Armedia Solution Engineering Team
- Vishal Deshpande
- Andrew Slade
- William Phillips
- Naga Krishna Sumanth Kovvuri
What Are The Challenges Of Using Microservices?
Microservices have become the new architectural cool-aids in the IT world ever since Netflix open-sourced its microservices tools and published several blogs and articles on their design and architecture using microservices. Knowing Netflix and its user-base, microservices gained immediate popularity in the software architect and developer community.
With cloud-based “Software as a Service” model as the need of the day, Armedia is always looking to cater to large customer bases, and we need ways to scale the tools and services to that level. Microservice-based architecture does provide the scalability and flexibility for this unique challenge.
But microservice architecture is not without its share of challenges. The first challenge is for the Architects – it changes the way the architects typically think of system architecture and design and provides the first set of issues for them to resolve. This includes the following considerations:
- Composition of Microservice
Should every microservice have independent database making the service truly autonomous or should multiple microservices use a centralized database?
- Packaging and deployment of microservices
With multiple independent components, what would be a good deployment strategy for microservice-based application?
How Should I Design For Microservices?
Microservice design should make use of the DRY principle. Store information only once, and write code only once. Consider organizations that have multiple applications. With monolithic systems, there have been instances when every application replicated the user data (though some were smart to sync it with organization’s Active Directory, still had an independent copy in every application).
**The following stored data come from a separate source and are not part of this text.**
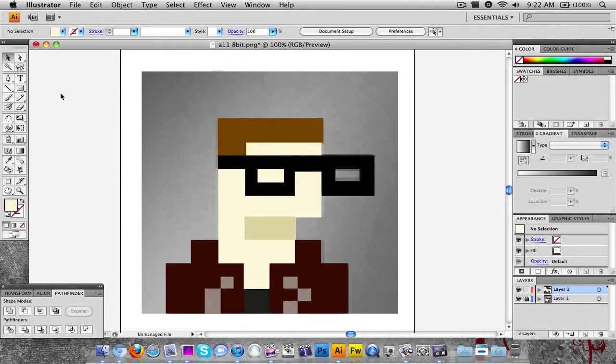Okay guys, as you can see we're done. From that time-lapse you got a chance to see what goes on when you're making something in Adobe Illustrator. Basically, that is how you make the avatar: you cut out a bunch of shapes with the rectangle tool, color them with the eyedropper tool, and then use the pathfinder tool to remove those shapes in order to make your icon.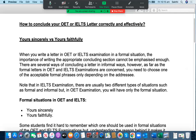Hello everyone. Good morning. I'm Steve from UCAN English Tutoring. In this video, I'm going to provide information on how to conclude your OET or IELTS letter correctly and effectively.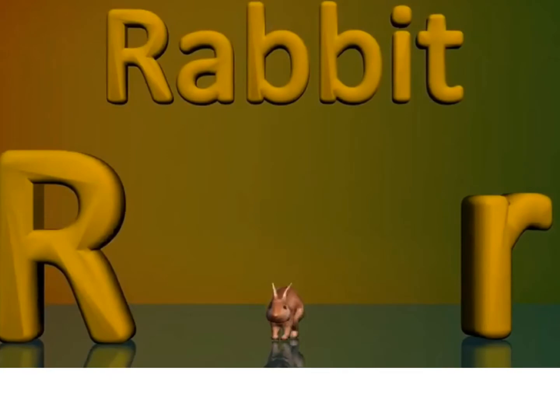I am R, the letter R. I make the sound rrrr, rrrr.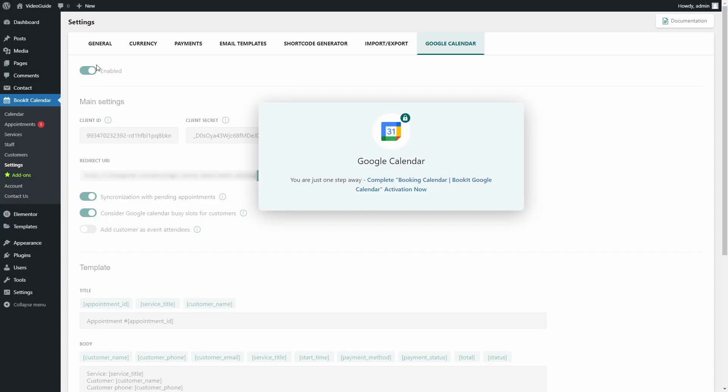Hi! In this video, we will look at how to set up a Google Calendar synchronization with the BookIt plugin.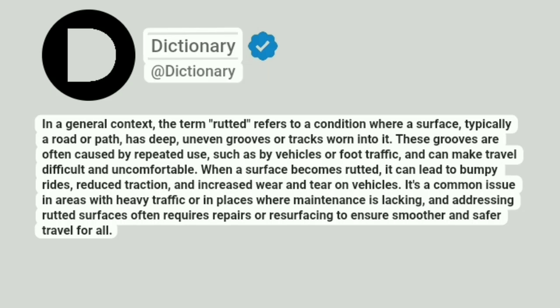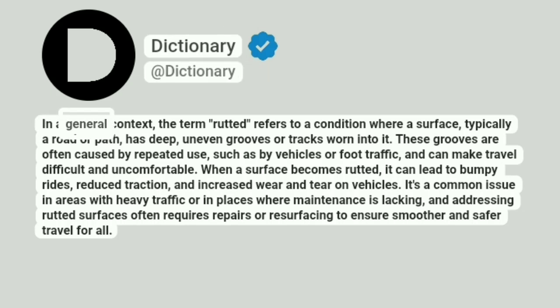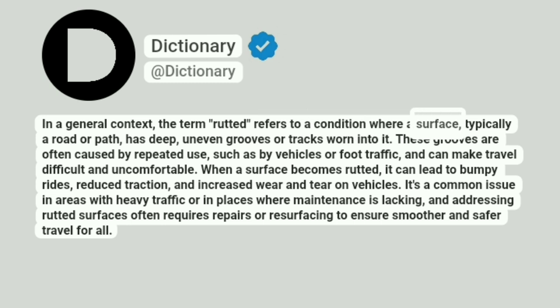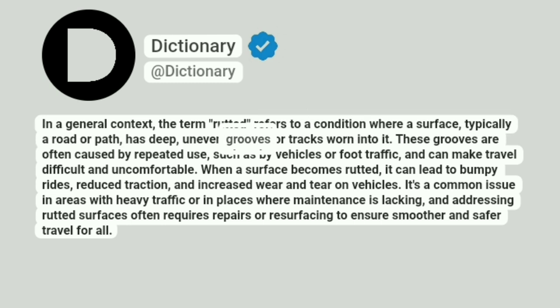Dictionary. A dictionary. In a general context, the term rutted refers to a condition where a surface, typically a road or path, has deep, uneven grooves or tracks worn into it.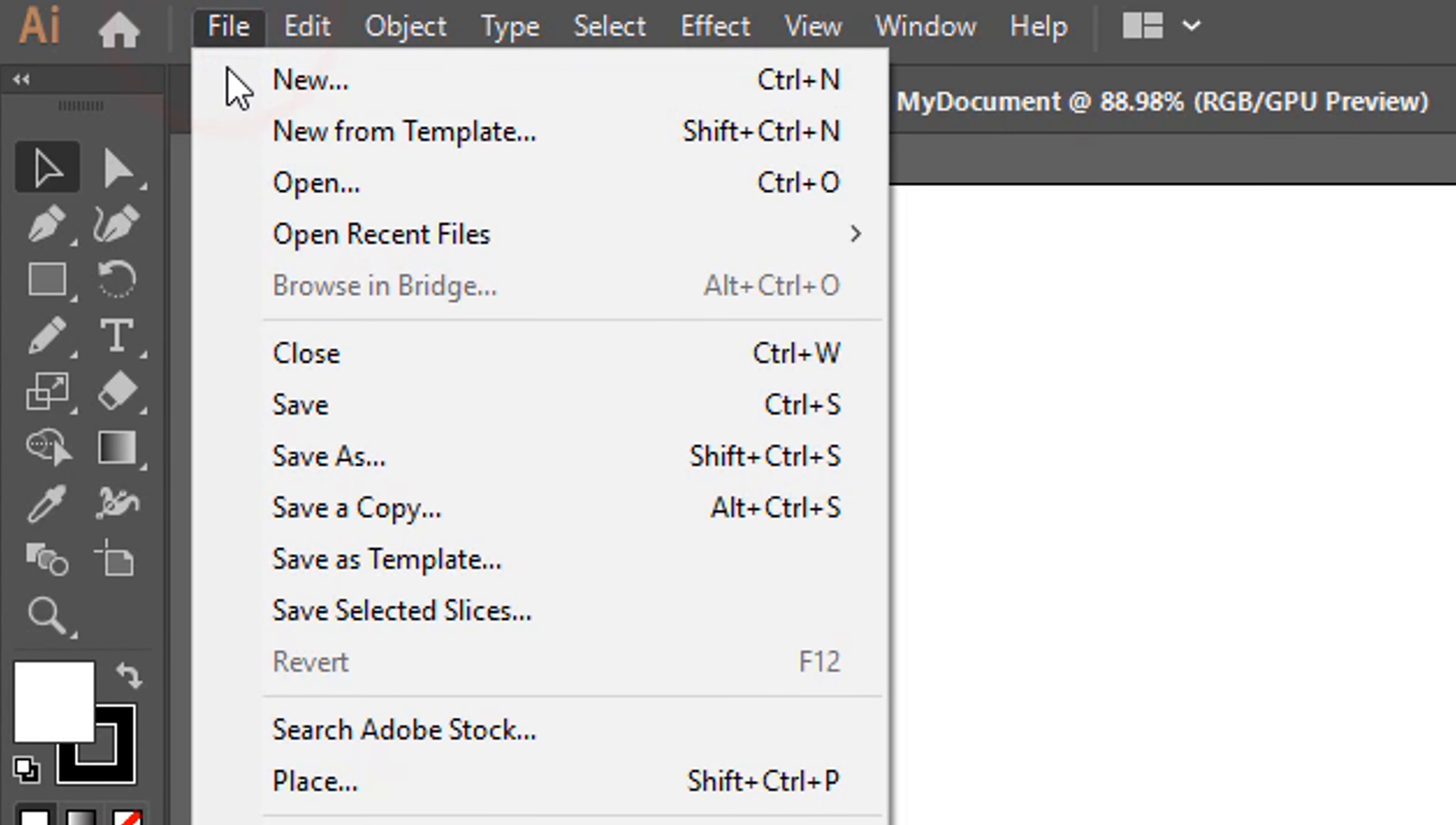You can also type pieces of text by using the Type tools. Click and drag on the document to create a text box used to delimit the text content. Then type inside, horizontally or vertically, depending on the kind of type tool you have chosen.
Soon, data between different applications got out of sync and it became an issue to track which application’s version of user data should be treated as true information. With a microservice-based design, you would encapsulate all the services around managing user data into a single service. This would include:
- Syncing up with the AD
- Single-Sign-On
- Managing user profile and user database
All other applications would use the REST/SOA APIs exposed by this microservice to deal with user-related services and activities like signing into an application, getting the user profile with appropriate roles and access controls etc. As there is only one microservice that deals with the user profile, the user data need not be replicated for every application.
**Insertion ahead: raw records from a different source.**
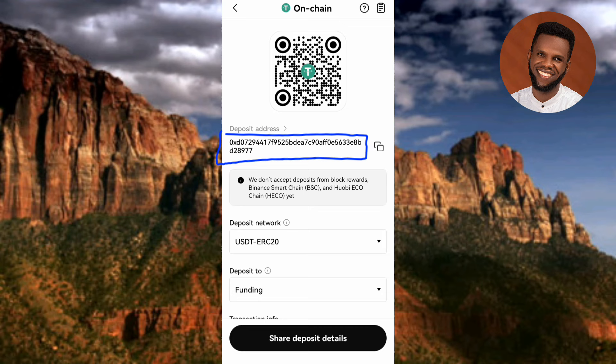Once you've confirmed everything is correct, the next step is to copy your wallet address. You can see the USDT ERC-20 wallet address right there, encircled for you. To copy it, tap on the copy icon on the right-hand side — the arrow is pointing at it. You can now see 'Deposit address copied,' meaning you've successfully copied your USDT ERC-20 wallet address on OKX.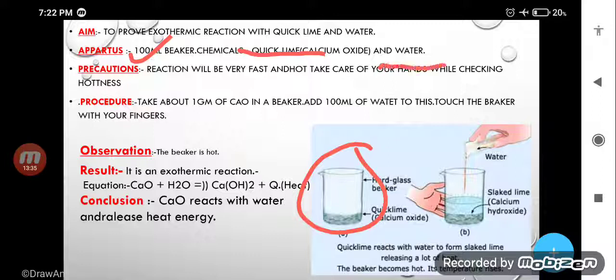And then water. You can see that when we are getting our house whitewashed, the laborer keeps some lime in water — you can then see that the water starts boiling, means water starts giving off heat. Why is this happening? Because lime — calcium oxide (CaO) — reacts with water and starts giving heat. That is an example of an exothermic process.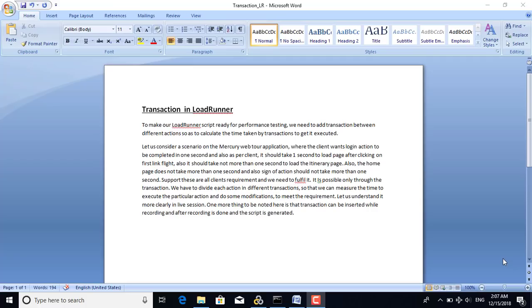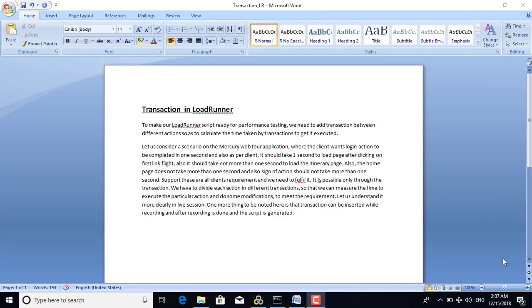Let us understand what is a transaction in LoadRunner. It is a very important topic, though it is simple to understand. Transaction is the only way to measure which action is taking how much time, and it is the basic thing required to be known during the testing process.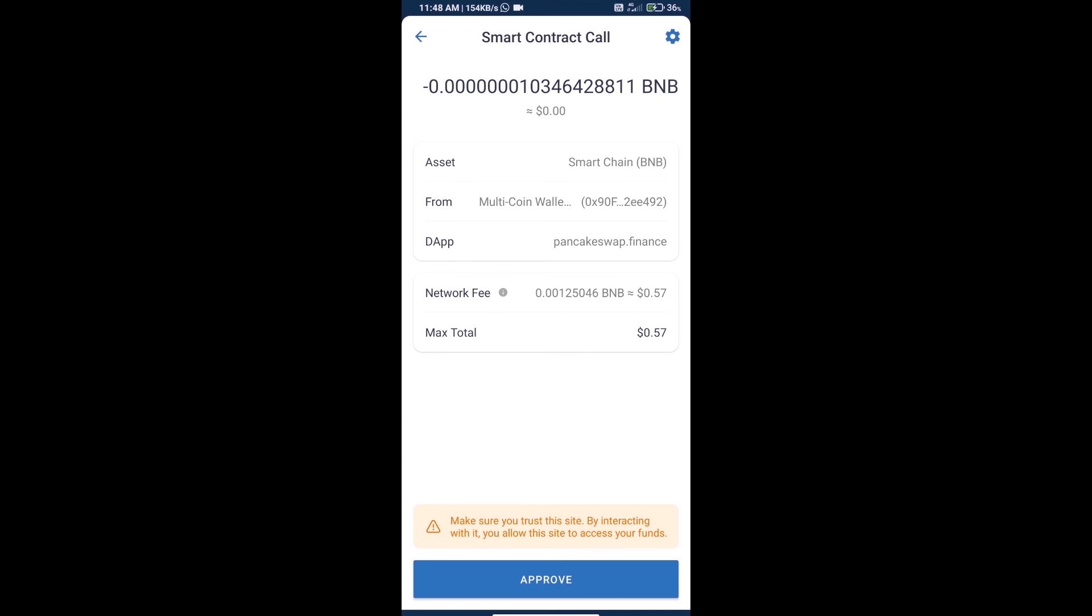Finally, we will click on approve and we will get this token successfully. Thanks for watching.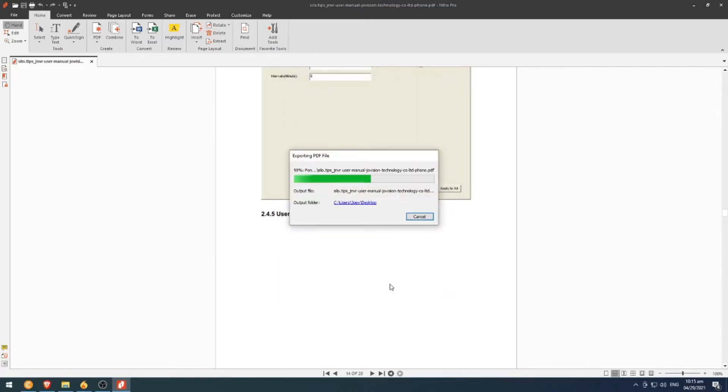In some cases, if the file has many pages or a big size, it takes some time to convert, but it's normal. The result will satisfy you after that.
There is one challenge with this approach and that is maintaining referential integrity with user table if an application needs it. Since the user database is segregated to the user microservice, managing the referential integrity becomes the task of the application that needs this (since the database can no longer maintain this due to segregation).
Having said that, with the database being protected behind application facades, this should hardly be an impediment in the adoption of microservices as the benefits of segregation outweigh the need for referential integrity.
There is another challenge with such centralizing of services – if too many applications are using the same user management microservice, would this not overload this component? And our answer to this lies in how we design the scalability factor for this service.
We can deploy this microservice as a clustered service and use intelligent caching mechanisms through a distributed cache system like Hazelcast to mitigate this issue of overload. With auto-deployment tools like Kubernetes which can handle auto-scaling of microservices at the VM level, this hardly becomes an issue.
This is exactly where the role of the Architect becomes critical. The burden is on the team to design the composition and the deployment and scaling strategies for various microservices that would strike a balance between modularity, reusability, and performance.